Is this original or did he arrange it? If he did, who is the original composer of this music? I used to hear this music when I was a child. My grandfather used to listen to it but as far as I remember, this music was not like this.


----------



## atsizat (Sep 14, 2015)

I remember this music was played differently.


----------



## Art Rock (Nov 28, 2009)

This instrumental (like the more famous Ballade pour Adeline by the same performer) was written by Paul de Senneville for Clayderman.


----------



## atsizat (Sep 14, 2015)

Art Rock said:


> This instrumental (like the more famous Ballade pour Adeline by the same performer) was written by Paul de Senneville for Clayderman.

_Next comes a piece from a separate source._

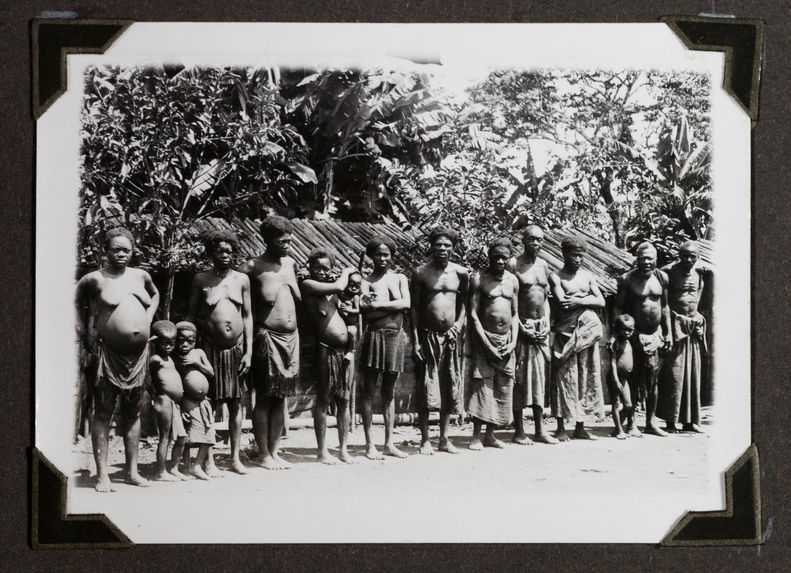 Sans titre [album de photographies sur le Congo français de 1910 à 1933]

I see. Then this is the original music I used to hear when I was a child. Since I was a child back then, I must have thought this music was way different.


----------



## Pugg (Aug 8, 2014)

This is the classical thread, not the mu-sac topic


----------



## ArtMusic (Jan 5, 2013)

I like the piece featured above, almost Chopin like.


----------



## TurnaboutVox (Sep 22, 2013)

ArtMusic said:


> I like the piece featured above, almost Chopin like.


Goodness me, you and I do hear it differently then, Art!


----------



## Nereffid (Feb 6, 2013)

TurnaboutVox said:


> Goodness me, you and I do hear it differently then, Art!

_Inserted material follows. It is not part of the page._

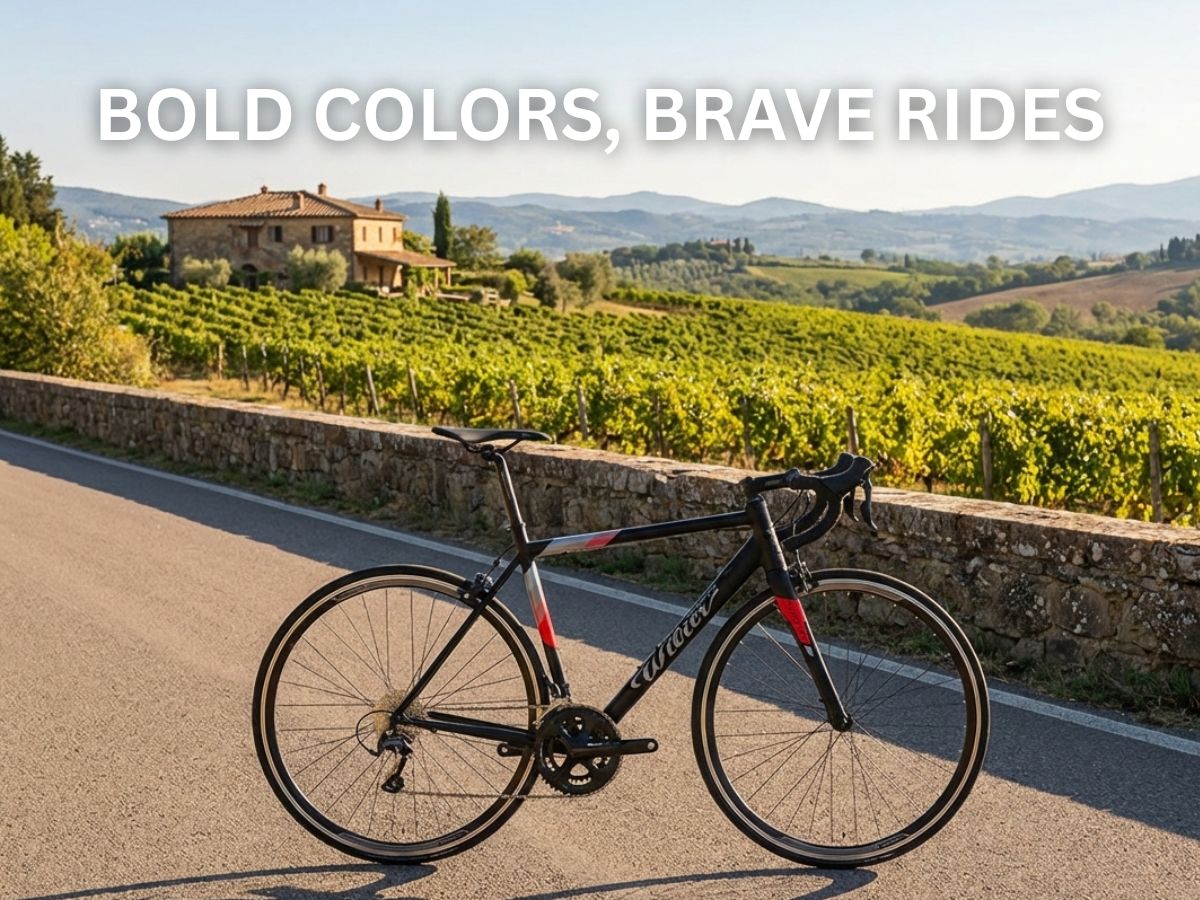 Willer Montegrappa Road Bike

Actually, my first reaction to the piece was to wonder whether the melody had been stolen from Chopin.


----------



## TurnaboutVox (Sep 22, 2013)

Nereffid said:


> Actually, my first reaction to the piece was to wonder whether the melody had been stolen from Chopin.


Mine was less charitable.


----------



## ArtMusic (Jan 5, 2013)

TurnaboutVox said:


> Goodness me, you and I do hear it differently then, Art!


Just the opening bars, not the entire piece.


----------



## Guest (Jan 31, 2016)

I think if you were a lover of Chopin and were given an album of Clayderman as a gift, you'd have to be as restrained as Endeavour, the opera lover who was given James Last's Classic Hits! (for lovers of UK TV's prequel to _Morse_).


----------



## TurnaboutVox (Sep 22, 2013)

MacLeod said:


> I think if you were a lover of Chopin and were given an album of Clayderman as a gift, you'd have to be restrained.


I agree with you up to a point!


----------



## Weston (Jul 11, 2008)

Sounds a little like Morricone to me.

I have mixed feelings about this type of music. If you had told me it was by Focus I would probably love it. But I see the name Richard Clayderman and instantly want to detox. That's hardly fair.


----------



## atsizat (Sep 14, 2015)

Pugg said:


> This is the classical thread, not the mu-sac topic


How is this not classical? It is a piano work.


----------



## GreenMamba (Oct 14, 2012)

atsizat said:


> How is this not classical? It is a piano work.


That doesn't make it Classical.


----------



## Pugg (Aug 8, 2014)

atsizat said:


> How is this not classical? It is a piano work.





GreenMamba said:


> That doesn't make it Classical.


Nothing to ads to those wise words bu GreenMamba other then utter rubbish :tiphat:


----------



## atsizat (Sep 14, 2015)

GreenMamba said:


> That doesn't make it Classical.


Why? Because composed in 20th century?
Is this also not classical?


----------



## Headphone Hermit (Jan 8, 2014)

atsizat said:


> How is this not classical? *It is a piano work*.


That doesn't make it 'classical'

Nor is the Electric Light Orchestra a 'classical' ensemble, even if they do have cellos etc


----------



## Pugg (Aug 8, 2014)

I wonder when André Rieu is coming in to this discussion


----------



## GreenMamba (Oct 14, 2012)

Pugg said:


> Nothing to ads to those wise words bu GreenMamba other then utter rubbish :tiphat:


In fariness, the fact that it's rubbish doesn't necessarily mean it isn't Classical. (Although in this case, it isn't.)


----------